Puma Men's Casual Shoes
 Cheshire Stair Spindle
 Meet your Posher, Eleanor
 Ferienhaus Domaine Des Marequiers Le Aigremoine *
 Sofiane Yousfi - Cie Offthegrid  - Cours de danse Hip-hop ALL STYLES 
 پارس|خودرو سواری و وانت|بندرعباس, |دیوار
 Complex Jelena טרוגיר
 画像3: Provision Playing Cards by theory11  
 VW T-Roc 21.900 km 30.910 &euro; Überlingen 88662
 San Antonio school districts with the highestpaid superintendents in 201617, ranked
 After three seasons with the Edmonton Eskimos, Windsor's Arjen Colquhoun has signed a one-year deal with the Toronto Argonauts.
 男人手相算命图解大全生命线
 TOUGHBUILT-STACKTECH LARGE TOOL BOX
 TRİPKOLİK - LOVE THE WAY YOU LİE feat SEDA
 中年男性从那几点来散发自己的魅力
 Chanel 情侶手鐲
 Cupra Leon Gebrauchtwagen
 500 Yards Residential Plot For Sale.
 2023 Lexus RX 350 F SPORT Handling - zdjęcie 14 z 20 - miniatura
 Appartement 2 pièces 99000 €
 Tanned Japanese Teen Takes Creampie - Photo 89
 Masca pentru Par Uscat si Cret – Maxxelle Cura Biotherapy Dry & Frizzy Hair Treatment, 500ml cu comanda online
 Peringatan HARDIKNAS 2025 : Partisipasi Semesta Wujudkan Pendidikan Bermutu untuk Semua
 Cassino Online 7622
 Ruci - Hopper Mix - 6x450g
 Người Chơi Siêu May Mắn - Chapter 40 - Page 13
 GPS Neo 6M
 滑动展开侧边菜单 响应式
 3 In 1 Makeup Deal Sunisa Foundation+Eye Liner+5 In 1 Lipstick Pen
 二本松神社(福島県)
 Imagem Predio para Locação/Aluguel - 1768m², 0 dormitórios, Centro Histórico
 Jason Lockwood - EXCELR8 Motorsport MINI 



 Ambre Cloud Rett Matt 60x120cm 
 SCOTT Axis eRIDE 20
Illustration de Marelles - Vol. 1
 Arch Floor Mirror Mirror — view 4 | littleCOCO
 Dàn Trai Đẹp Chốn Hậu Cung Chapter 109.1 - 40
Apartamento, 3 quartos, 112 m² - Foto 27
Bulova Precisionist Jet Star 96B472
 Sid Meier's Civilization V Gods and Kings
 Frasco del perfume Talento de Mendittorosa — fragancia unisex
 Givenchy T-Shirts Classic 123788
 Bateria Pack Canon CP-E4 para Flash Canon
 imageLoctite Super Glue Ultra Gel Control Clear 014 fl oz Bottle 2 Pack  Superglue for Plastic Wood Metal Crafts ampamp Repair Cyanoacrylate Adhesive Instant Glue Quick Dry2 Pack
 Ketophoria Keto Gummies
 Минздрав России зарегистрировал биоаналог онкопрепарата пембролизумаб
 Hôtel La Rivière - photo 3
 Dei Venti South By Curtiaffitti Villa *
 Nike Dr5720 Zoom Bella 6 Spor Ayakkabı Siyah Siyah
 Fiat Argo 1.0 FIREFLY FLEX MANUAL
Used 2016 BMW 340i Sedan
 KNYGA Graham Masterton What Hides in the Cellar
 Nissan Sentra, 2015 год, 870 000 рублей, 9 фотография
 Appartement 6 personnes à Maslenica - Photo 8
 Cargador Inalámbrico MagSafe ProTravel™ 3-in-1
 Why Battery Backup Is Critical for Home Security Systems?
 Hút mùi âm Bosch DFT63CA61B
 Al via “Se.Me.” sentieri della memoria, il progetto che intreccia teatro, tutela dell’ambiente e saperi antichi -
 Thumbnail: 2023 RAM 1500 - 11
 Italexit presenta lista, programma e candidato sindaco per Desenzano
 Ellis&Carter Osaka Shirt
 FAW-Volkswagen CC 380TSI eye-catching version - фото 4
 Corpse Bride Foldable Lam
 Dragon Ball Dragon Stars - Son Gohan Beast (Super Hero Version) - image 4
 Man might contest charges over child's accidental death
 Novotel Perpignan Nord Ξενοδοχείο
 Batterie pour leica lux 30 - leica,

Assigned task> Each record needs to be duplicated exactly as given.

Response>
Puma Men's Casual Shoes
 Cheshire Stair Spindle
 Meet your Posher, Eleanor
 Ferienhaus Domaine Des Marequiers Le Aigremoine *
 Sofiane Yousfi - Cie Offthegrid  - Cours de danse Hip-hop ALL STYLES 
 پارس|خودرو سواری و وانت|بندرعباس, |دیوار
 Complex Jelena טרוגיר
 画像3: Provision Playing Cards by theory11  
 VW T-Roc 21.900 km 30.910 &euro; Überlingen 88662
 San Antonio school districts with the highestpaid superintendents in 201617, ranked
 After three seasons with the Edmonton Eskimos, Windsor's Arjen Colquhoun has signed a one-year deal with the Toronto Argonauts.
 男人手相算命图解大全生命线
 TOUGHBUILT-STACKTECH LARGE TOOL BOX
 TRİPKOLİK - LOVE THE WAY YOU LİE feat SEDA
 中年男性从那几点来散发自己的魅力
 Chanel 情侶手鐲
 Cupra Leon Gebrauchtwagen
 500 Yards Residential Plot For Sale.
 2023 Lexus RX 350 F SPORT Handling - zdjęcie 14 z 20 - miniatura
 Appartement 2 pièces 99000 €
 Tanned Japanese Teen Takes Creampie - Photo 89
 Masca pentru Par Uscat si Cret – Maxxelle Cura Biotherapy Dry & Frizzy Hair Treatment, 500ml cu comanda online
 Peringatan HARDIKNAS 2025 : Partisipasi Semesta Wujudkan Pendidikan Bermutu untuk Semua
 Cassino Online 7622
 Ruci - Hopper Mix - 6x450g
 Người Chơi Siêu May Mắn - Chapter 40 - Page 13
 GPS Neo 6M
 滑动展开侧边菜单 响应式
 3 In 1 Makeup Deal Sunisa Foundation+Eye Liner+5 In 1 Lipstick Pen
 二本松神社(福島県)
 Imagem Predio para Locação/Aluguel - 1768m², 0 dormitórios, Centro Histórico
 Jason Lockwood - EXCELR8 Motorsport MINI 



 Ambre Cloud Rett Matt 60x120cm 
 SCOTT Axis eRIDE 20
Illustration de Marelles - Vol. 1
 Arch Floor Mirror Mirror — view 4 | littleCOCO
 Dàn Trai Đẹp Chốn Hậu Cung Chapter 109.1 - 40
Apartamento, 3 quartos, 112 m² - Foto 27
Bulova Precisionist Jet Star 96B472
 Sid Meier's Civilization V Gods and Kings
 Frasco del perfume Talento de Mendittorosa — fragancia unisex
 Givenchy T-Shirts Classic 123788
 Bateria Pack Canon CP-E4 para Flash Canon
 imageLoctite Super Glue Ultra Gel Control Clear 014 fl oz Bottle 2 Pack  Superglue for Plastic Wood Metal Crafts ampamp Repair Cyanoacrylate Adhesive Instant Glue Quick Dry2 Pack
 Ketophoria Keto Gummies
 Минздрав России зарегистрировал биоаналог онкопрепарата пембролизумаб
 Hôtel La Rivière - photo 3
 Dei Venti South By Curtiaffitti Villa *
 Nike Dr5720 Zoom Bella 6 Spor Ayakkabı Siyah Siyah
 Fiat Argo 1.0 FIREFLY FLEX MANUAL
Used 2016 BMW 340i Sedan
 KNYGA Graham Masterton What Hides in the Cellar
 Nissan Sentra, 2015 год, 870 000 рублей, 9 фотография
 Appartement 6 personnes à Maslenica - Photo 8
 Cargador Inalámbrico MagSafe ProTravel™ 3-in-1
 Why Battery Backup Is Critical for Home Security Systems?
 Hút mùi âm Bosch DFT63CA61B
 Al via “Se.Me.” sentieri della memoria, il progetto che intreccia teatro, tutela dell’ambiente e saperi antichi -
 Thumbnail: 2023 RAM 1500 - 11
 Italexit presenta lista, programma e candidato sindaco per Desenzano
 Ellis&Carter Osaka Shirt
 FAW-Volkswagen CC 380TSI eye-catching version - фото 4
 Corpse Bride Foldable Lam
 Dragon Ball Dragon Stars - Son Gohan Beast (Super Hero Version) - image 4
 Man might contest charges over child's accidental death
 Novotel Perpignan Nord Ξενοδοχείο
 Batterie pour leica lux 30 - leica,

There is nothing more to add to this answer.